Políticas, práticas e dados ESG não são consensuais e universais. Se dissecarmos todas as componentes de uma empresa —a estratégia, a governança, as operações, os produtos e os stakeholders— certamente encontraremos incongruências, negligências e descontinuidades na forma como se integra ESG ou na forma como investidores e consumidores gostariam que ESG fosse integrado. Neste emaranhado, ESG tornou-se um universo multi-interpretativo. Deixou de ser um instrumento corporativo ou financeiro para passar a ser uma causa. Mais passional do que racional.

Este contexto é fértil para o aparecimento do famigerado greenwashing. Todos o conhecemos.

Mas é também por estas mesmas fissuras que adentra o sopro quente do moralismo, como uma solução fácil para um problema complexo. Na ausência de standards e referências universais e consensuais, o moralismo incorporou as funções de mediador do mercado ESG.

A moralidade é o que torna possível a vida civilizada, mas o moralismo inflaciona a sua importância e transforma um conjunto de normas produzidas de forma exterior aos indivíduos em prescrições comportamentais. Um moralista é um pregador, um apontador de dedo, um juiz.

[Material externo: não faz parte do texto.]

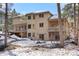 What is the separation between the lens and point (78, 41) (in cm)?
207

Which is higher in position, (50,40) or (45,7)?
(45,7)

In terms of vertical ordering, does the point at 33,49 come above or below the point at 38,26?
below

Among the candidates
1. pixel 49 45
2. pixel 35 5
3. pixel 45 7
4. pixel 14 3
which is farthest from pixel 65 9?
pixel 14 3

Quando moralistas dominam o mercado ESG, perde-se a noção da complexidade e da racionalidade e transformam-se empresas e investimentos em cânones abstratos da moral. Nesse mundo reducionista, onde o moralista projeta as suas motivações nos outros, uma empresa de tabaco é sempre sinônimo do mal e uma empresa de energia solar é sempre a epítome do bem. É o macartismo da sustentabilidade.

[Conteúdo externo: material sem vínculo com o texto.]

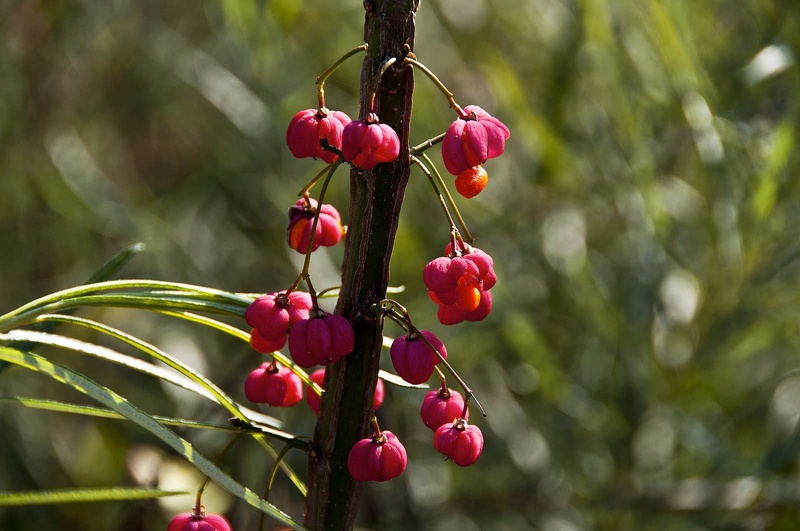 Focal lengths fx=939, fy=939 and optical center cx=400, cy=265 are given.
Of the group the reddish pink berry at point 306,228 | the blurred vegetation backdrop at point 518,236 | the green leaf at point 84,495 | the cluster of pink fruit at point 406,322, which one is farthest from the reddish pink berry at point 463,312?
the blurred vegetation backdrop at point 518,236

Ao longo dos anos houve várias tentativas para limitar o espaço dos moralistas. Tentou-se inocular o mercado ESG com alguma racionalidade e pragmatismo.

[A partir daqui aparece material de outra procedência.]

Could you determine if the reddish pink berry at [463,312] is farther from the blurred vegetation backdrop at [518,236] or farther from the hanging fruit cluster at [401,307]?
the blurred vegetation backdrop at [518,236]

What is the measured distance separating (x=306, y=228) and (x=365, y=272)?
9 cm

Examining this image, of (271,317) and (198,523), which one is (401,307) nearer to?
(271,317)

Em um primeiro momento, as empresas passaram a ser analisadas de forma dicotómica, distinguindo-se a operação interna (sustentabilidade corporativa) do produto (impactos na sociedade ou no meio ambiente). Práticas ESG também passaram a ser vistas binariamente como uma estratégia de mitigação de risco ou como uma ferramenta de geração de impacto.

Depois surgiram taxonomias de atividades socioambientais —longas listas telefónicas de práticas e produtos que podem ser considerados sustentáveis. E em tempos mais recentes a legislação, pelo menos na Europa, tem obrigado empresas a reportar tudo (processos, estratégias, produtos, impactos positivos e negativos) de forma empacotada.

O objetivo destas iniciativas é ajudar investidores, empresários e consumidores a orientarem-se no universo ESG.

Mas continuam a chegar as mesmas perguntas: “podemos investir em hospitais privados? Podemos fazer PPPs de saneamento com governos com problemas de corrupção?”

Para os investidores (institucionais, gestores de fundos, wealth managers) a recomendação é que não olhem apenas para os potenciais ativos, mas olhem sobretudo para si mesmos.

Observem o seu processo e não apenas a carteira. Adotaram uma arquitetura ESG que inclui estratégia, cultura, processos de investimento, métricas, comunicação? Se políticas, práticas e dados ESG estiverem incorporadas estruturalmente no investidor, então necessariamente o portfolio é ESG. É ao investidor que cabe definir, afugentando os moralismos, porque se engaja com temas ESG e como o faz. Só um investidor sabe o que é material para os seus fluxos de caixa. Só um investidor sabe quais os objetivos que quer atingir com os seus investimentos.

Em termos práticos, tanto é um bom investidor ESG aquele que usa um arsenal de técnicas ESG apenas para maximizar retornos e minimizar riscos (investindo em todas as indústrias e geografias) quanto aquele que tem como intenção resolver problemas sociais ou ambientais. Daremos lastro ao falso moralismo se tentarmos hierarquizar investimentos numa escala de casticidade.

ESG é um cardápio de opções, não é uma receita.

Rodrigo Tavares
Fundador e presidente do Granito Group; professor de Sustainable Finance na Nova School of Business and Economics. Nomeado Young Global Leader pelo Fórum Econômico Mundial, em 2017.